Am besten: Bidirektionale Kommunikation mit einem Ticket- oder Warnungsverwaltungssystem. Hier kommuniziert das Überwachungssystem mit dem Ticket- und/oder Warnungsüberwachungssystem, damit dieselbe Warnung für dasselbe Gerät erst ausgegeben wird, wenn das ursprüngliche Problem durch einen Menschen behoben und das Ticket geschlossen wurde.

5. Keine Labor-, Test- oder QS-Umgebungen für ihr Überwachungssystem

Wenn Ihr Überwachungssystem geschäftskritische Systeme überwacht und Warnungen ausgibt, dann ist es selbst geschäftskritisch. Trotz der Tatsache, dass viele Unternehmen bei der Evaluierung von Überwachungslösungen eine Proof-of-Concept-Umgebung einrichten, haben sie nach der Auswahl und Einführung des Produktionssystems kein kontinuierlich gewartetes Labor-, Test- oder QS-System, um die Aufrechterhaltung des Systems sicherzustellen.

Gegenmaßnahmen:
Das Offensichtliche. Implementieren Sie Test-, Entwicklungs- und/oder QS-Installationen, um sicherzustellen, dass Ihr Überwachungssystem die für eine geschäftskritische Anwendung erforderliche Kontrolle hat.

Test: Eine (oft temporäre) Umgebung, in der Patches und Upgrades getestet werden können, bevor sie in der Produktion eingesetzt werden.

Entwicklung: Eine Umgebung, die die Produktion in Bezug auf Software widerspiegelt, in der jedoch Überwachungen für neue Geräte, Anwendungen, Berichte oder Warnungen eingerichtet und getestet werden können, bevor diese Lösungen in der Produktionsumgebung eingeführt werden. Und wie bereits erwähnt, ist dies der perfekte Ort, um auch Ihre Produktionsumgebung zu überwachen.

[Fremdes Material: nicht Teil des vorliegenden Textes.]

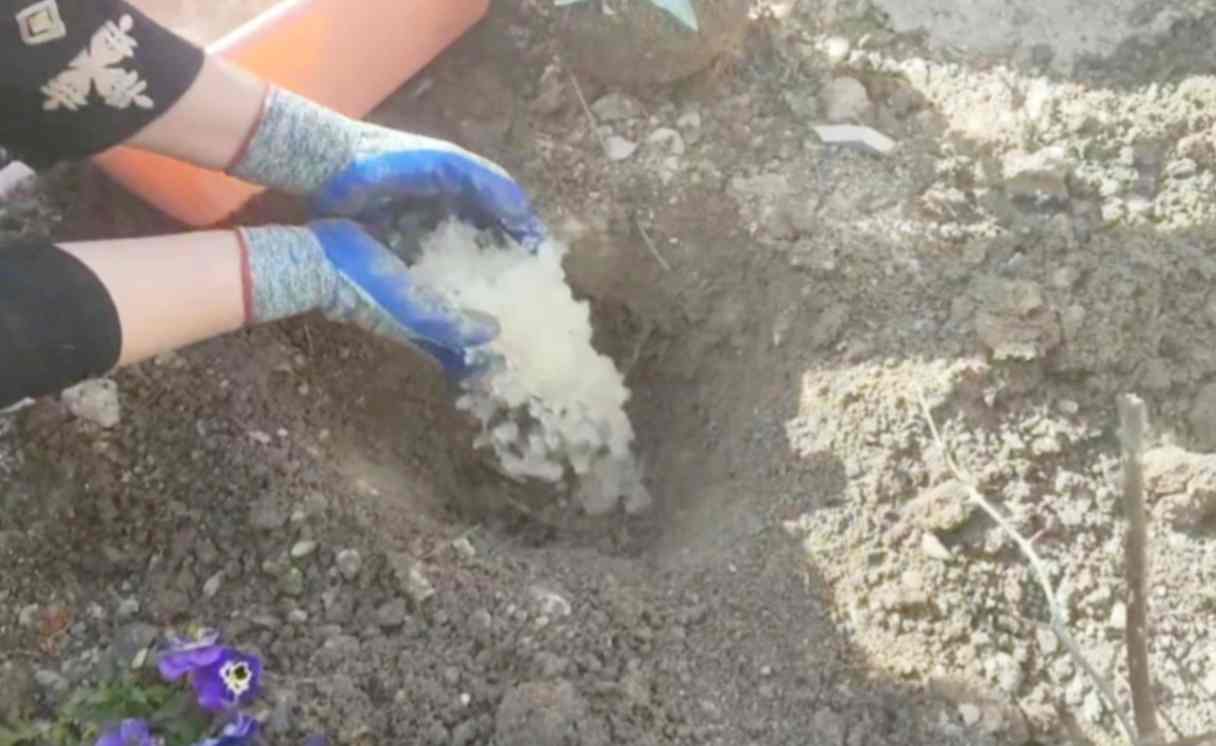 فروش هیدروژل کشاورزی باکیفیت برای حفظ رطوبت خاک 2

QS: Eine Umgebung, die die vorherige Version der Produktion widerspiegelt. Beim Auftreten von Problemen in der Produktion können diese nochmals überprüft werden, um zu bestätigen, ob das Problem in der letzten Revision eingeführt wurde.

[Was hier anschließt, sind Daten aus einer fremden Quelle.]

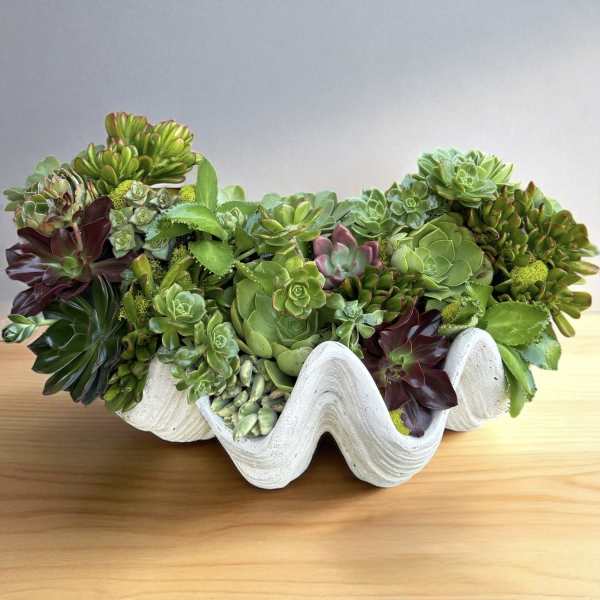 Succulent arrangement in a white wavy planter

Es ist sicher nicht absolut notwendig, alle drei Aspekte abzudecken, aber es lohnt sich, mindestens einen in Betracht zu ziehen. Nur, gar keinen der Aspekte zu bedenken, ist nicht gerade empfehlenswert.

Fazit

Die Geschwindigkeit des technischen Wandels im Rechenzentrum nimmt heutzutage rasend schnell zu. Dabei haben auch herkömmliche Systeme in Rechenzentren in kürzester Zeit eine beachtliche Entwicklung durchlaufen.

Leon Adato.
Leon Adato. (Bild: SolarWinds)

Da die Komplexität mit der Erwartung wächst, dass die IT-Abteilung eines Unternehmens immer „agiler“ wird und weiterhin rund um die Uhr ein qualitativ hochwertiges Endbenutzererlebnis bieten kann (d.h. keine Störungen, Ausfälle, Probleme mit der Anwendungsleistung usw.), müssen IT-Experten der Überwachung die Priorität einräumen, die sie als grundlegende IT-Disziplin auch verdient.

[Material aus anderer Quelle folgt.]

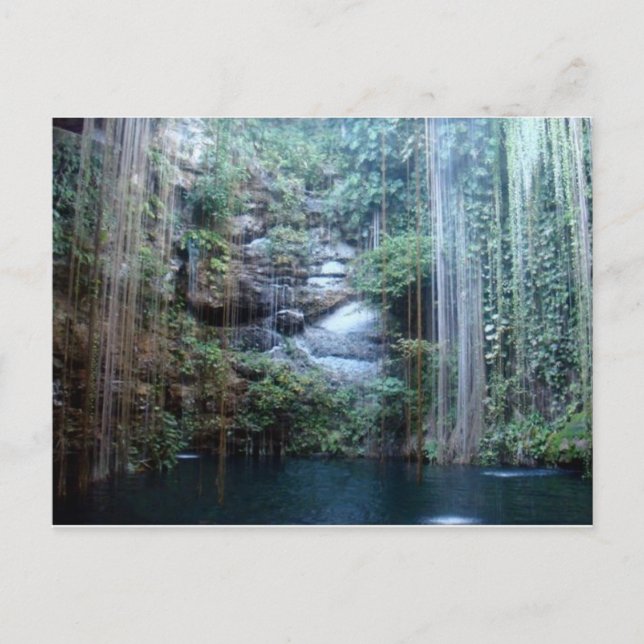 Nature's Masterpiece Postcard (Front)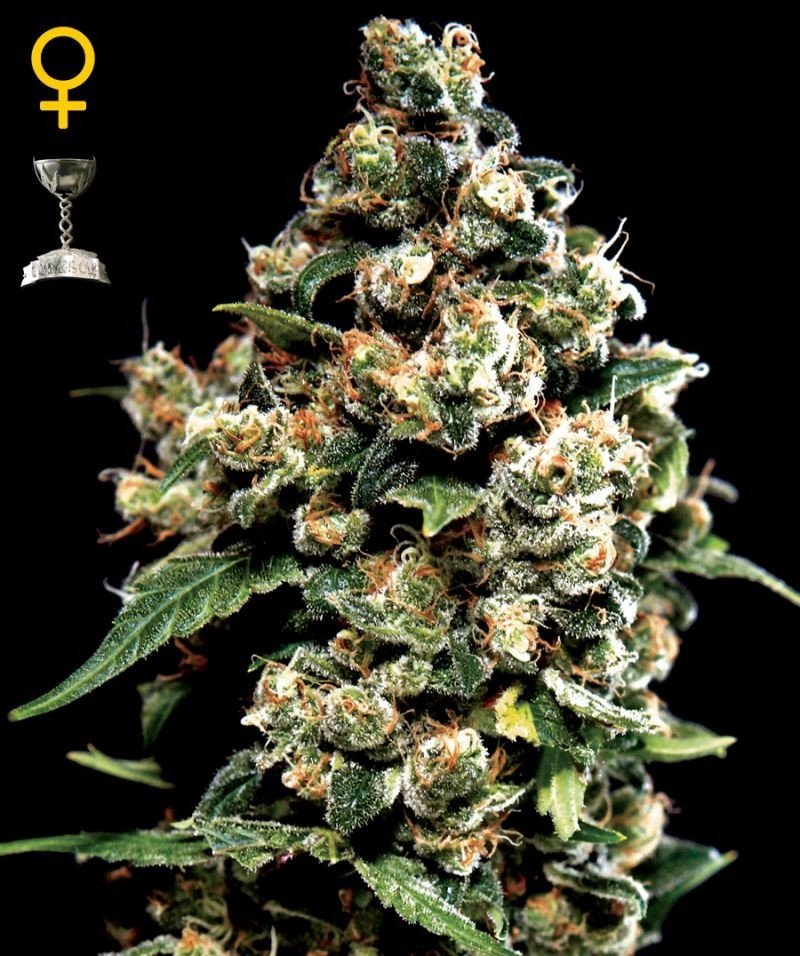 Jack Herer - Strain Information - CannaConnection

Durch das Verständnis und die Bewältigung der erwähnten allgemeinen Überwachungsfehler können Sie sicherstellen, dass Ihr Unternehmen von optimierten und abgestimmten Überwachungssystemen profitiert und gleichzeitig eine proaktivere Strategie jetzt und in Zukunft ermöglichen.

Über den Autor

Leon Adato ist Head Geek bei SolarWinds.